From: merl <mewikipedia@to.mabomuja.de>

Date: Tue, 07 Oct 2008 13:10:29

CREATE TABLE IF NOT EXISTS dewiki_disambiguations (page_title VARCHAR(255), page_id INT primary key, index(page_id));

DELETE FROM dewiki_disambiguations;

– All pages in the main namespace that are in the category "Begriffsklaerung"
INSERT INTO dewiki_disambiguations SELECT null, cl_from
FROM dewiki_p.categorylinks WHERE cl_to = "Begriffsklärung";

– Add Title
UPDATE dewiki_disambiguations d, dewiki_p.page p SET d.page_title = p.page_title
WHERE d.page_id=p.page_id AND p.page_namespace = 0;

– Delete pages in non article namespace (title of those was not set in query before)
DELETE FROM dewiki_disambiguations WHERE page_title IS NULL;

– All pages in the main namespace that redirect to a disambiguation page
INSERT IGNORE INTO dewiki_disambiguations SELECT null, rd_from
FROM dewiki_p.redirect r INNER JOIN dewiki_disambiguations d ON r.rd_title = d.page_title WHERE r.rd_namespace=0;

– Add Title
UPDATE dewiki_disambiguations d, dewiki_p.page p SET d.page_title = p.page_title
WHERE d.page_title IS NULL AND d.page_id=p.page_id AND p.page_namespace = 0;

– create link table
CREATE TABLE IF NOT EXISTS dewiki_pagelinksdab (page_title VARCHAR(255), page_id INT PRIMARY KEY, linkcount INT, INDEX(linkcount), INDEX(page_title));
– Links to dismabiguation pages
DELETE FROM dewiki_pagelinksdab;

– Links to disambiguations where the link source is in the main namespace
INSERT INTO dewiki_pagelinksdab SELECT NULL, pl_from, COUNT(p.pl_title) AS linkcount
FROM dewiki_p.pagelinks p INNER JOIN dewiki_disambiguations d ON p.pl_title = d.page_title
WHERE p.pl_namespace=0 GROUP BY p.pl_from HAVING linkcount > 20;

– Add Title
UPDATE dewiki_pagelinksdab d, dewiki_p.page p SET d.page_title = p.page_title
WHERE d.page_id=p.page_id AND p.page_namespace = 0;

– Delete pages in non article namespace (title of those was not set in query before)
DELETE FROM dewiki_pagelinksdab WHERE page_title IS NULL;

– Output in wiki format
SELECT CONCAT('# [[', page_title, ']]: ', ' (', linkcount, ')') FROM dewiki_pagelinksdab ORDER BY linkcount DESC limit 300;


Version: unspecified
Severity: minor

Details

Reference
bz59300

Event Timeline

bzimport raised the priority of this task from to Needs Triage.Nov 22 2014, 2:21 AM
bzimport set Reference to bz59300.

From: MZMcBride <mzmcbride@gmail.com>

Date: Fri, 20 Mar 2009 18:05:42

What's the status of this?
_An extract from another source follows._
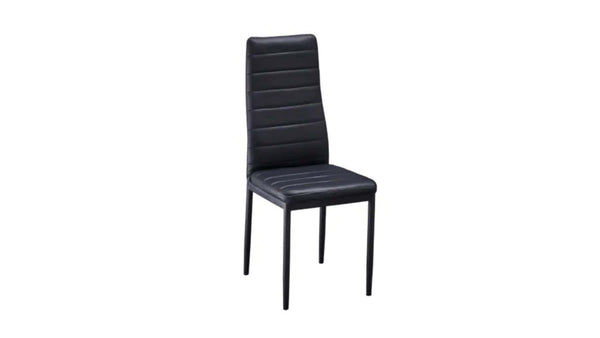 Lot de chaises TOLIA métal noir simili cuir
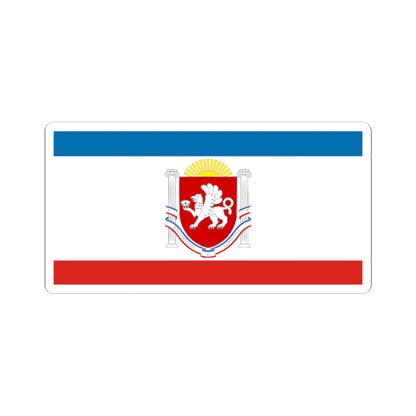Flag of Crimea Coat of Arms (Russia) STICKER Vinyl Kiss-Cut Decal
Can it be closed?


From: merl <mewikipedia@to.mabomuja.de>

Date: Tue, 24 Mar 2009 18:18:12

Can be done much easier by using bryans db now.
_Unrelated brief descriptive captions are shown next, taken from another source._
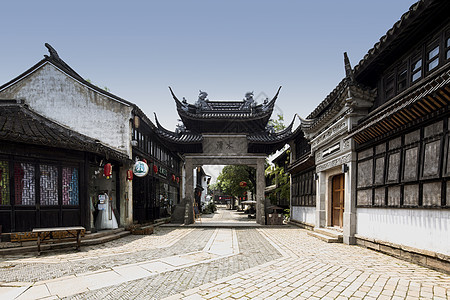 中式建筑亭子图片
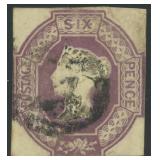 Great Britain Stamps #7 Used cut close to in on al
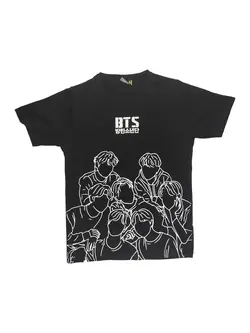 تیشرت مشکی TS1084 BTS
This bug was imported as RESOLVED. The original assignee has therefore not been
set, and the original reporters/responders have not been added as CC, to
prevent bugspam.

If you re-open this bug, please consider adding these people to the CC list:
Original assignee: bugreporter@to.mabomuja.de
CC list: bugreporter@to.mabomuja.de, b@mzmcbride.com